*** Opening of Data for analysis ***

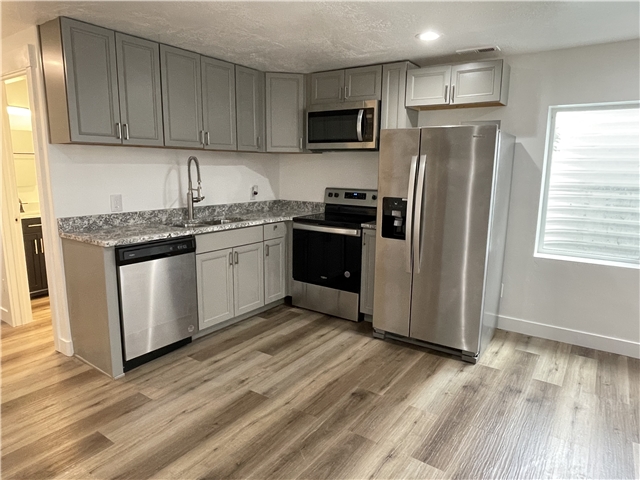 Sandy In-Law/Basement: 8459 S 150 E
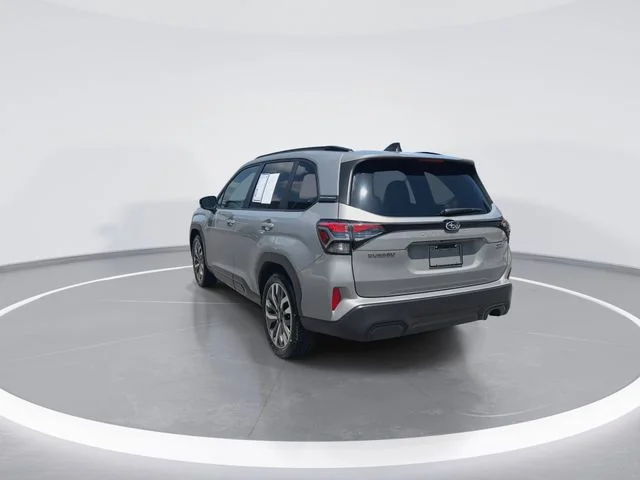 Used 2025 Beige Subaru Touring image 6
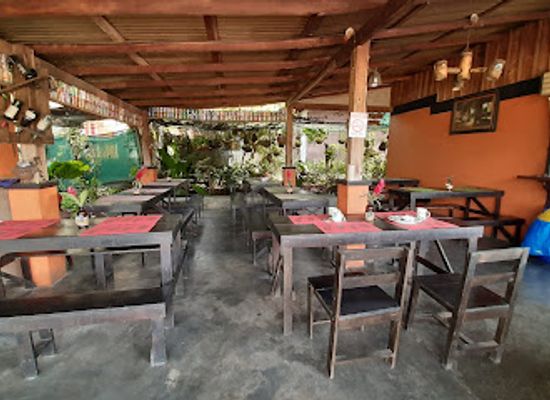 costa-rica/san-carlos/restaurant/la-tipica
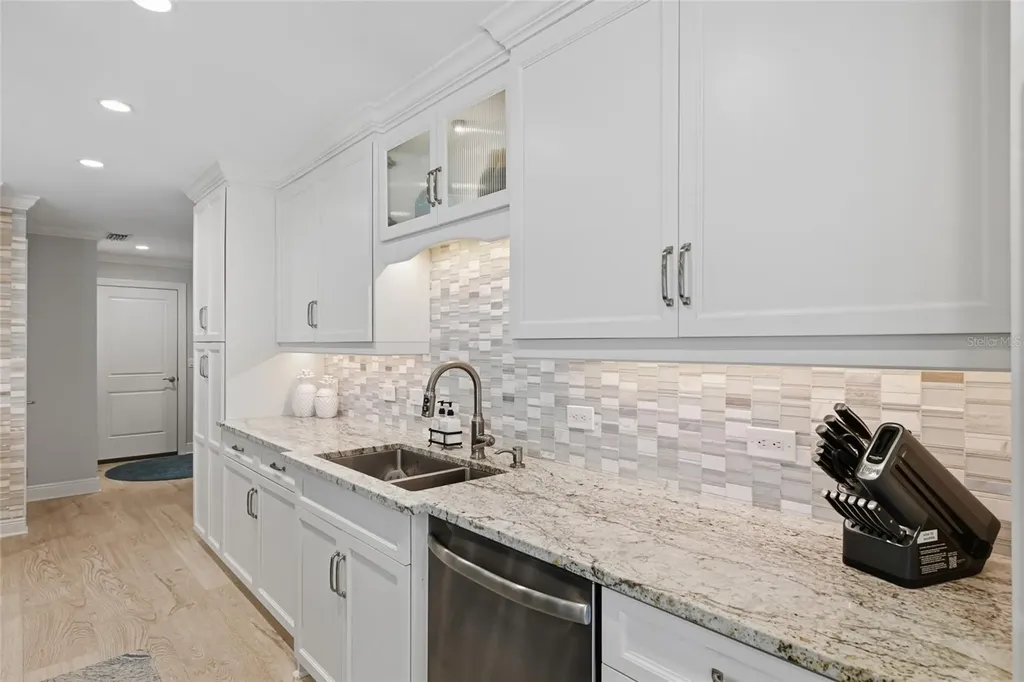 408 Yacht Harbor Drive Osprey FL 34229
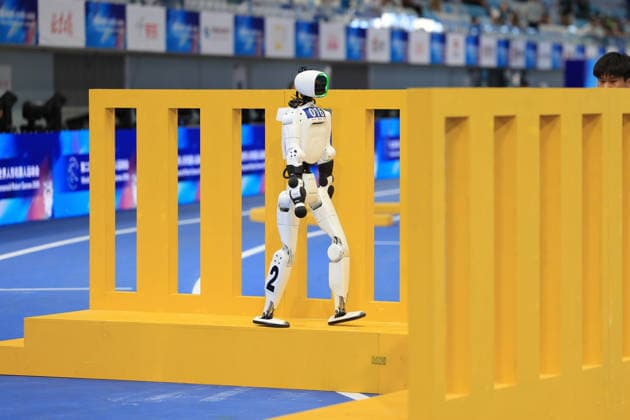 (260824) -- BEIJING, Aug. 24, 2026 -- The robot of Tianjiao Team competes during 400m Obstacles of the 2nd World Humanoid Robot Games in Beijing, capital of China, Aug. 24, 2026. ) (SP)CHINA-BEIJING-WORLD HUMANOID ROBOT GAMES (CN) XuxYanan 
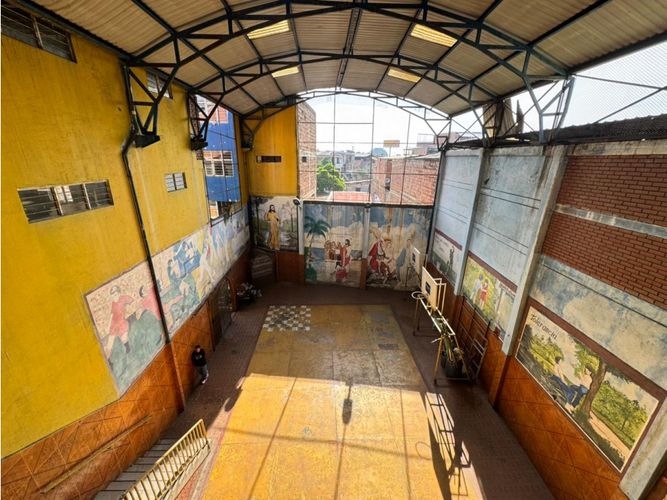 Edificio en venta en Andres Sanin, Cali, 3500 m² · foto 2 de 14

*** Close of Data for analysis ***

(Task to carry out)
Your job is to transcribe the records exactly and in full. Pictures are not part of the copy.

(Exercise solution)
 Sandy In-Law/Basement: 8459 S 150 E
 Used 2025 Beige Subaru Touring image 6
 costa-rica/san-carlos/restaurant/la-tipica
 408 Yacht Harbor Drive Osprey FL 34229
 (260824) -- BEIJING, Aug. 24, 2026 -- The robot of Tianjiao Team competes during 400m Obstacles of the 2nd World Humanoid Robot Games in Beijing, capital of China, Aug. 24, 2026. ) (SP)CHINA-BEIJING-WORLD HUMANOID ROBOT GAMES (CN) XuxYanan 
 Edificio en venta en Andres Sanin, Cali, 3500 m² · foto 2 de 14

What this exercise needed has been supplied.